最初に、年末調整の目的や手続きについて、どのくらい理解していますかと質問してみたところ、「ある程度理解している」が54.3%と最も多く、次に「よくわかっていない」が28.7%、「よく理解している」が12.3%、「全くわかっていない」が4.7%という結果になりました。

年末調整の目的や手続きの流れについて、どのくらい理解していますか?

半数以上の人が「ある程度理解している」と回答しているものの、「よくわかっていない」と「全くわかっていない」と回答した人は合わせると3割を超えています。

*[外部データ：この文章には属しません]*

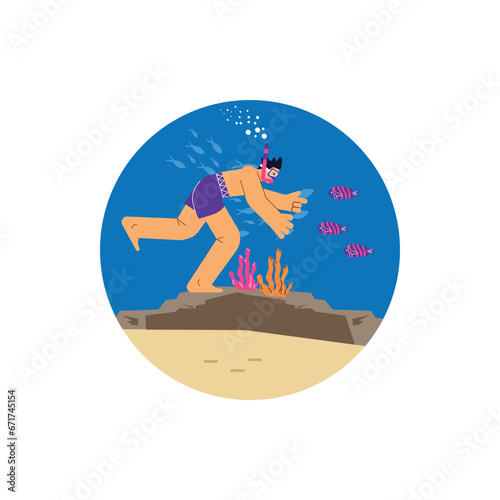 Man in diving mask swimming in sea and observing coral reef, snorkeler watching marine fauna, scuba cartoon vector round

「よくわかっていない」と回答した割合を年代別に見ると、若い年代ほどこの回答を選ぶ傾向が見られました。具体的には、20代の40.0%、30代の32.8%、40代の22.9%、50代の12.5%の回答者がこの回答を選んでおり、60代以上は0%でした。

年末調整とは?

会社が従業員の給与から天引きした所得税を、一年間の正確な金額に調整する手続きです。具体的には、毎年12月31日時点で、従業員の一年間の給与総額と適用される控除を計算し、実際に納めるべき所得税の金額を算出します。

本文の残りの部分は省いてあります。